L'analyse de Michael Israel

Actifs « protégés », actifs « non protégés », une nouvelle source d’opportunité ?

Publié le 28 mai 2020 à 10h42

Michael Israel

Comme souvent dans les périodes de stress, les marchés passent de la « micro » à la « macro », pouvant créer un phénomène de dislocation entre le prix d’un actif à l’instant « t » et sa valeur intrinsèque. La stratégie qui consiste à sélectionner les « bons actifs » dans les « mauvaises cases » est alors fortement affectée à court terme, par construction.

Dans cette crise, au niveau « macro », les marchés se sont principalement polarisés sur le thème des actifs « protégés » versus « non protégés », considérant que ces derniers seraient de facto risqués. Ce raccourci, erroné dans bien des cas, a fabriqué la nouvelle « mauvaise case » et ouvre la voie à l’opportunité de pouvoir acheter des actifs de qualité avec une décote.

Certains actifs de qualité, mais considérés comme non protégés, deviennent très bon marché, tant en absolu, compte tenu de leur risque crédit intrinsèque, qu’en relatif, vis-à-vis des émetteurs bénéficiant réellement ou potentiellement d’une protection souveraine et dont les fondamentaux se sont dégradés et les rendements se sont compressés depuis l’intervention des banques centrales.

Le thème de la protection est aussi devenu dominant au sein du segment émergent. Les économies « administrées/banque centrale », telles que la Chine ou la Russie, sont beaucoup moins impactées que le reste des émergents « non administrés ». La nécessité d’analyser les données pays par pays, devises par devises, société par société, dans un univers aussi large et hétérogène que celui des émergents n’est certes pas compatible avec le temps court.
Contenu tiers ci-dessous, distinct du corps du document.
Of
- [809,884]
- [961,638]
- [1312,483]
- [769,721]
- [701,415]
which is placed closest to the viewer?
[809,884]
Ce nouveau thème accentue l’amalgame déjà existant entre les problèmes d’un pays au niveau de sa dette publique et la situation de ses entreprises. Un pays affichant un faible taux d’endettement au niveau souverain peut au contraire révéler un très fort niveau d’endettement de ses entreprises, comme c’est le cas de la Chine. C’est exactement la situation inverse pour l’Argentine et le Mexique, pour prendre des exemples d’actualité.

Si l’on s’intéresse aux obligations d’entreprises en devises fortes, il convient de rappeler que les entreprises des pays émergents sont entrées dans cette crise avec des niveaux d’endettement bien plus faibles que celles des pays développés et généralement bien préparées à la volatilité des devises locales. Le segment High Yield émergent est même moins endetté que l’Investment Grade européen.

Une société bien gérée, peu endettée, avec de la trésorerie, une activité long terme, une position concurrentielle solide, des marges confortables, capable de produire du free cash-flow sans retour à des volumes d’activités pré-crise, peu sensible à la volatilité des devises, avec des actionnaires solides et alignés avec ses créanciers, ne devrait pas avoir recours à une « protection », qu’elle soit à sa disposition ou pas. C’est d’ailleurs le cas de nombreuses sociétés qui, bien que dans la case « actifs protégés » n’ont pas recours à cette protection.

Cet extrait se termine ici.